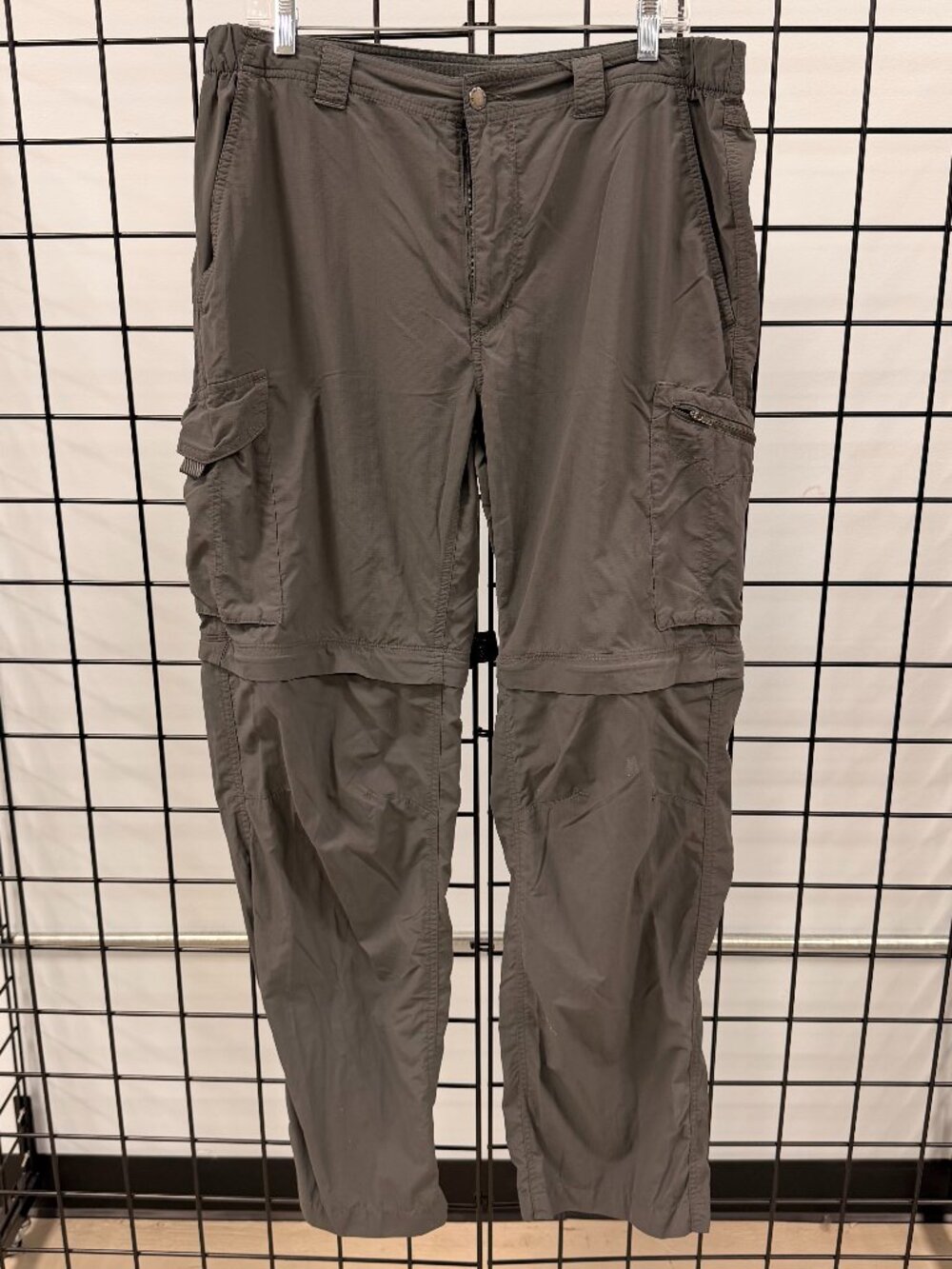 Columbia Omni-Shade Convertible Gray/Charcoal Hiking Men's Pants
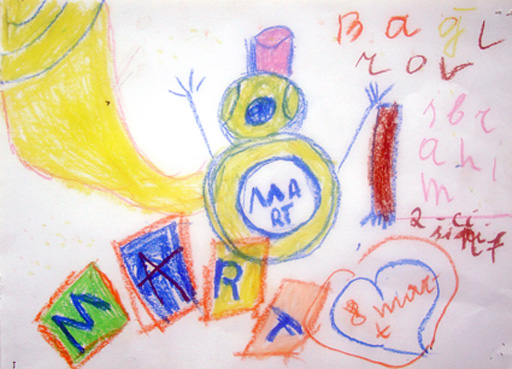 Бакинские школьники посвятили свои работы бабушкам, матерям и сестрам (фотосессия)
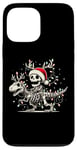 Coque pour iPhone 13 Pro Max Skeleton Riding Dinosaur T rex Funny Kids Boys Christmas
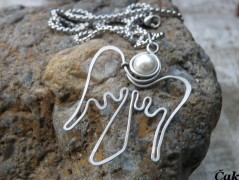 Nerezový přívěšek s larimarem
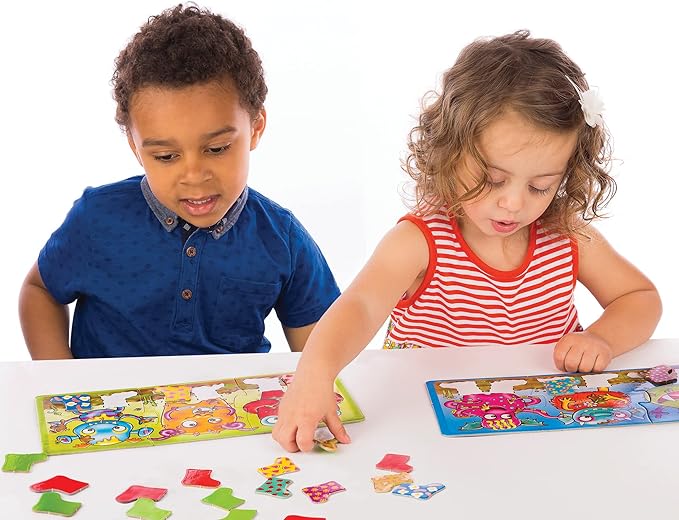 ORCHARD TOYS Moose Smelly Socks Game. Find Matching Pairs of Socks for Your Monsters! for Ages 3-6 and 2-4 Players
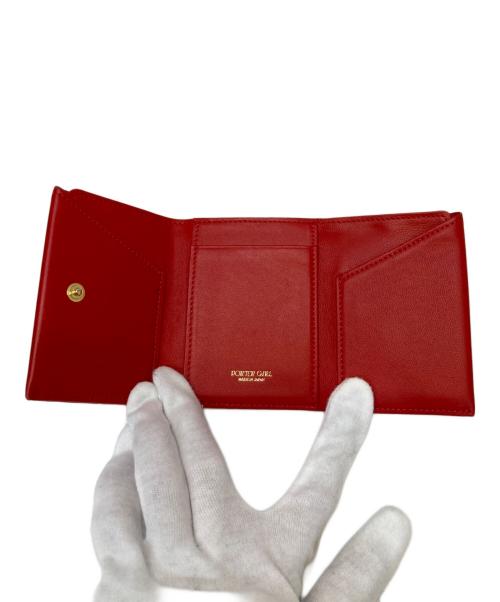 PORTER GIRL（ポーターガール）PORTER GIRL (ポーターガール) ミニウォレット レッドの古着・服飾アイテム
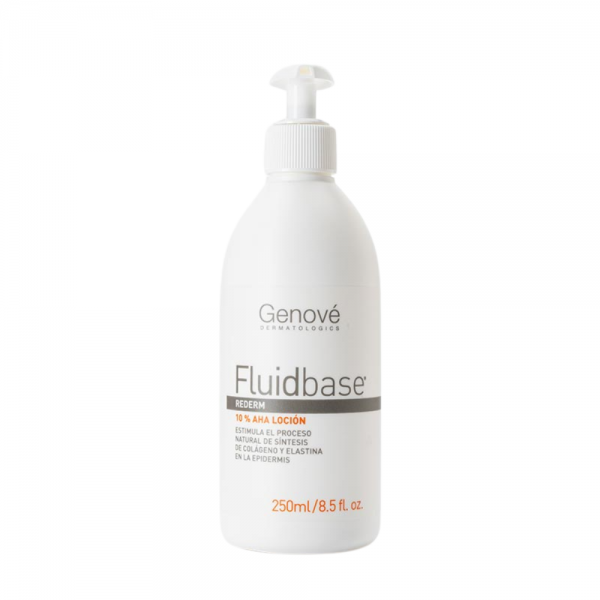 Fluidbase® Rederm Loción 10% AHA, 250 ml. - Genové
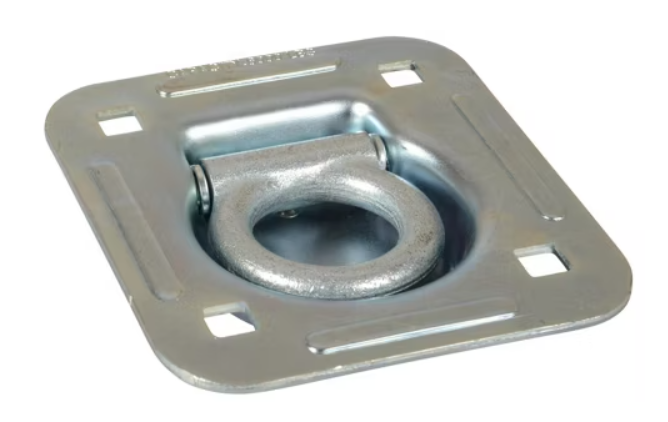 Recessed Floor D-Ring Kit - 6,000 lb, Zinc Plated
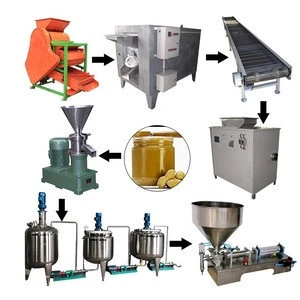 commercial automatic manufactural plant peanut butter making machine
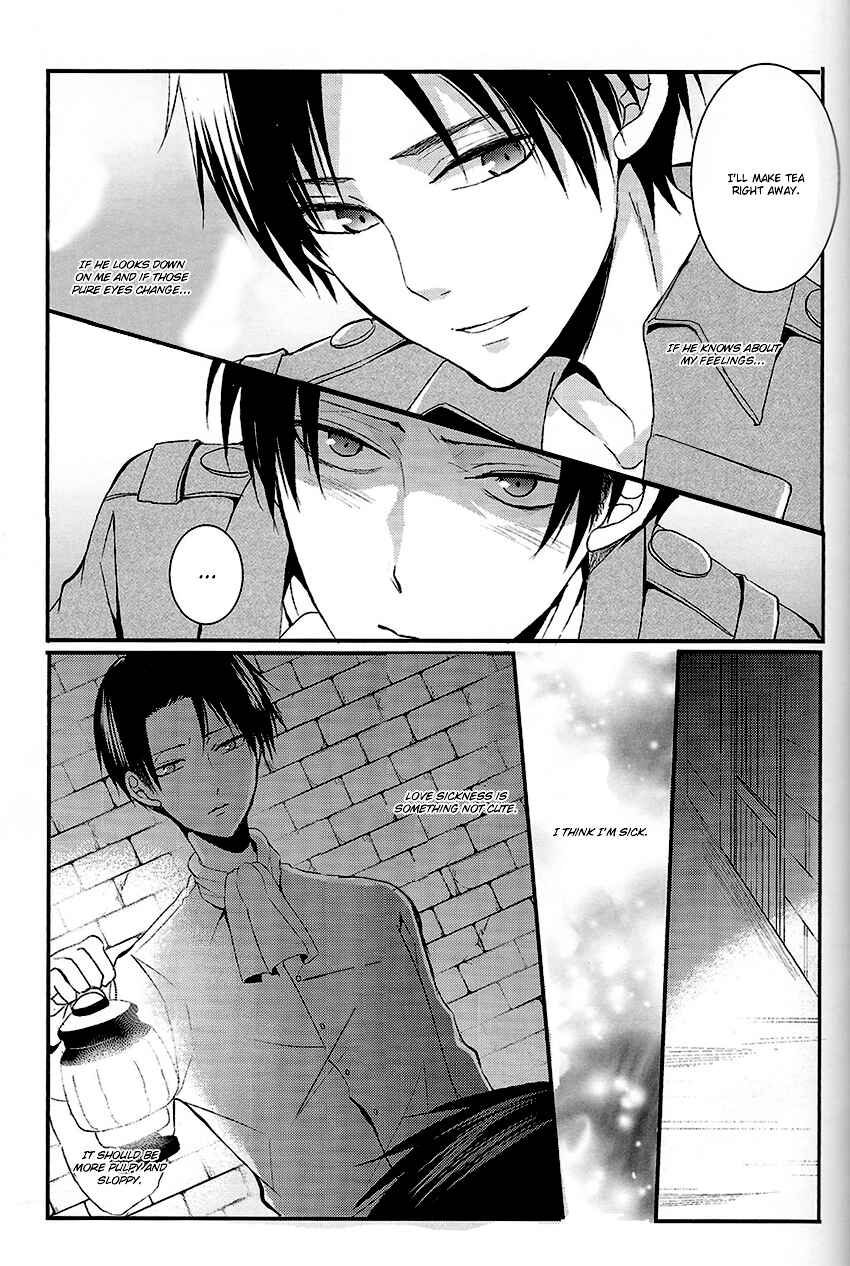 Page 14 Chapter Unknown_a94d Shingeki no Kyojin - Yandere no Heichou ni Shinu hodo Aisarete Yoru mo Nemurenai!! (Doujinshi)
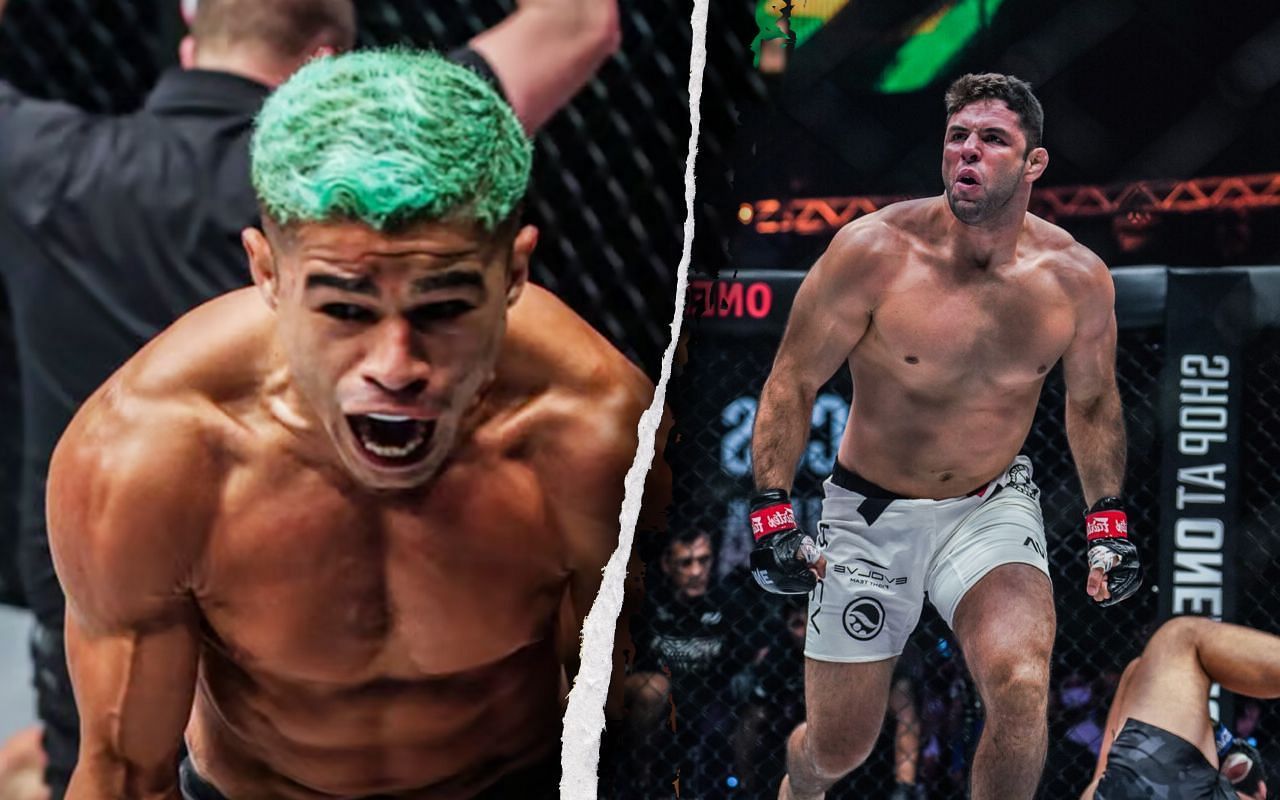 (left) Fabricio Andrade and (right) Marcus Buchecha Almeida [Credit: ONE Championship]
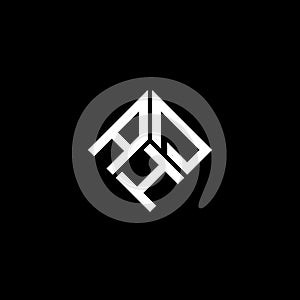 AHD letter logo design on black background. AHD creative initials letter logo concept. AHD letter design photo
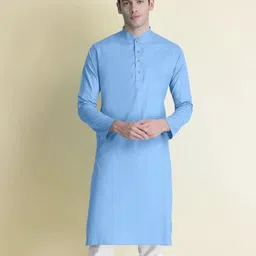 tb mania Men Cotton Blend Kurta Pyjama Set image 2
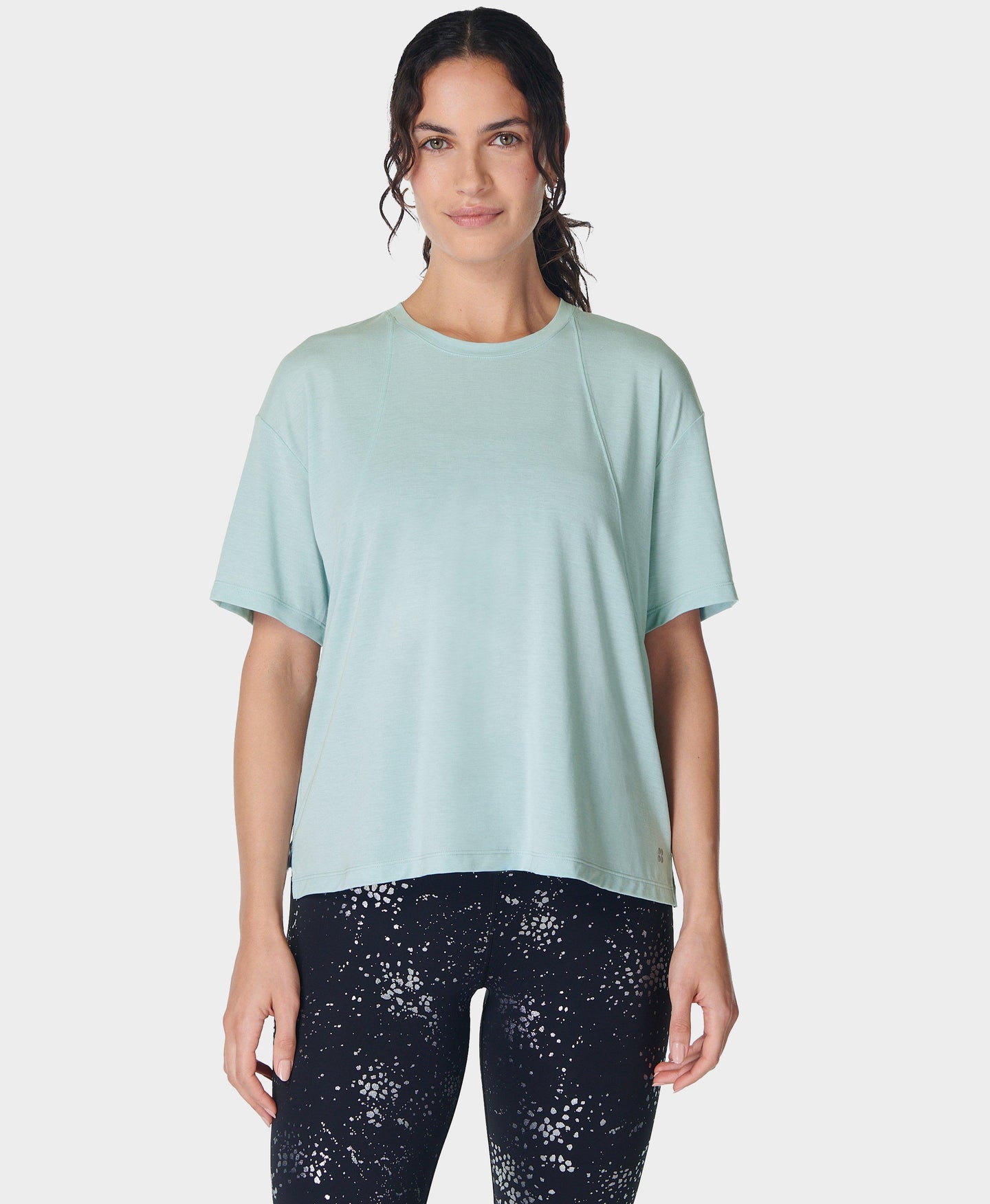 Soft Flow Studio Tee Sb9667 Muted-Teal-Blue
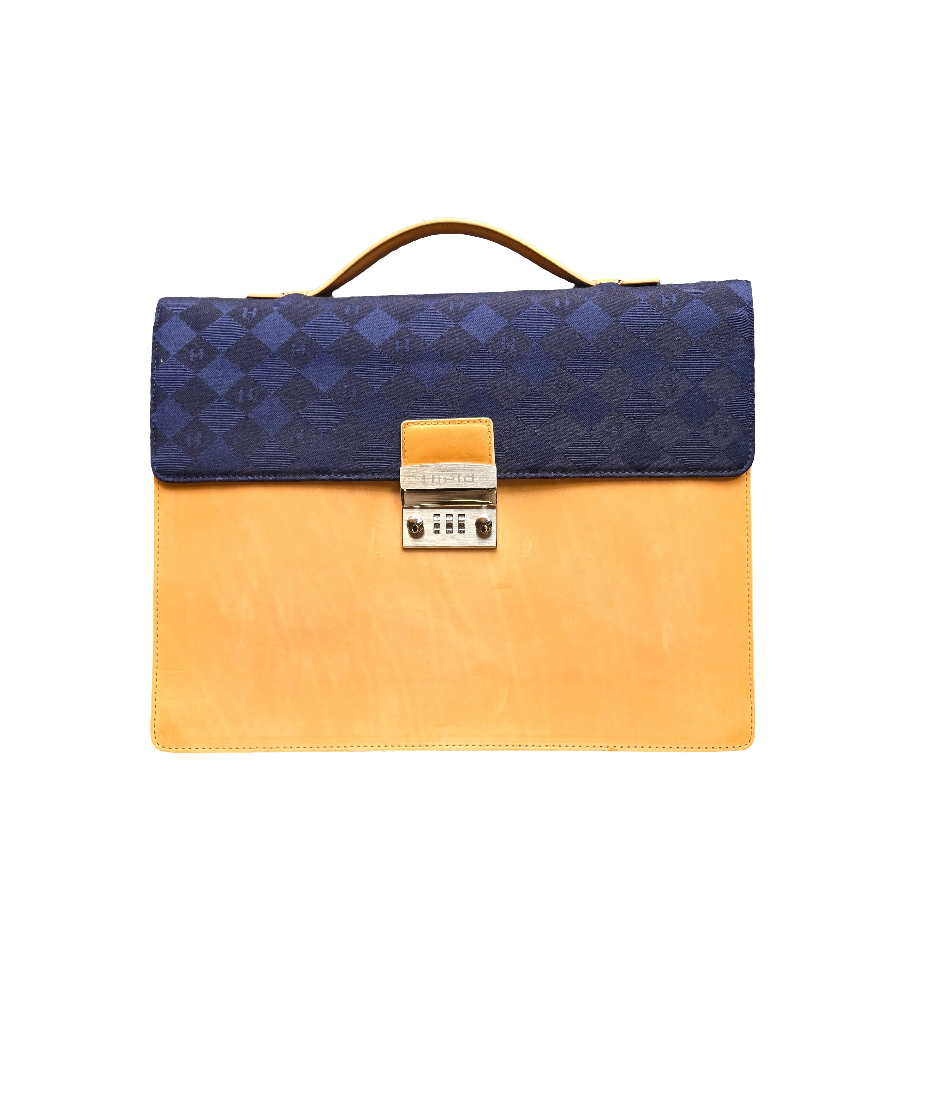 Fabric & Leather Briefcase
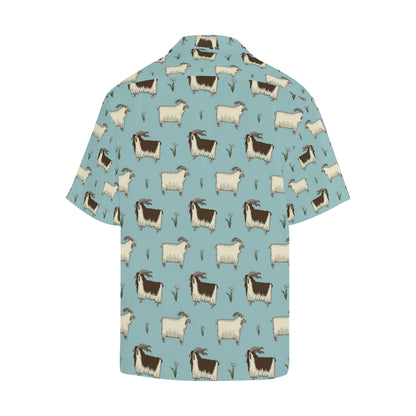 Goat Pattern Print Design 02 Men's Hawaiian Shirt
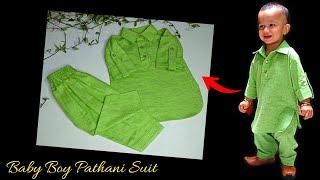 1.5-3Year Baby Boy Kurta Pajama //Pathani suit Cutting And Stitching / Baby Boy Dress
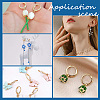 100Pcs 304 Stainless Steel Leverback Earring Findings STAS-PH0004-83-5
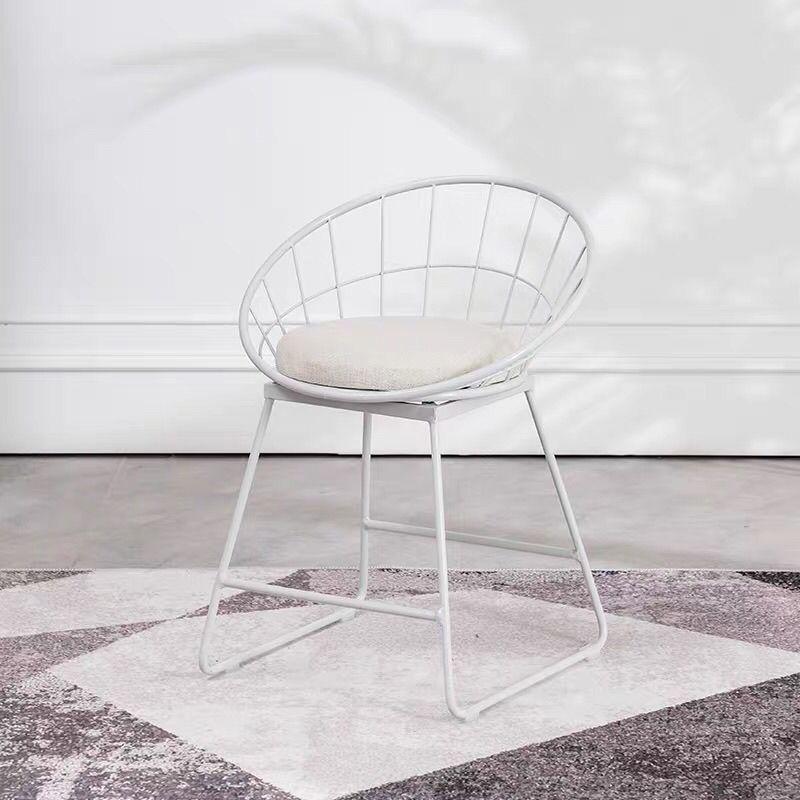 Nordic Iron Art High Back Metal Bar Chair - Stylish and Simple Design.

.....

How to complete this task
Your output should consist solely of the lines from the line containing "Page 14 Chapter" through the end of the data above, copied exactly, with images removed.

Answer box
 Page 14 Chapter Unknown_a94d Shingeki no Kyojin - Yandere no Heichou ni Shinu hodo Aisarete Yoru mo Nemurenai!! (Doujinshi)
 (left) Fabricio Andrade and (right) Marcus Buchecha Almeida [Credit: ONE Championship]
 AHD letter logo design on black background. AHD creative initials letter logo concept. AHD letter design photo
 tb mania Men Cotton Blend Kurta Pyjama Set image 2
 Soft Flow Studio Tee Sb9667 Muted-Teal-Blue
 Fabric & Leather Briefcase
 Goat Pattern Print Design 02 Men's Hawaiian Shirt
 1.5-3Year Baby Boy Kurta Pajama //Pathani suit Cutting And Stitching / Baby Boy Dress
 100Pcs 304 Stainless Steel Leverback Earring Findings STAS-PH0004-83-5
 Nordic Iron Art High Back Metal Bar Chair - Stylish and Simple Design.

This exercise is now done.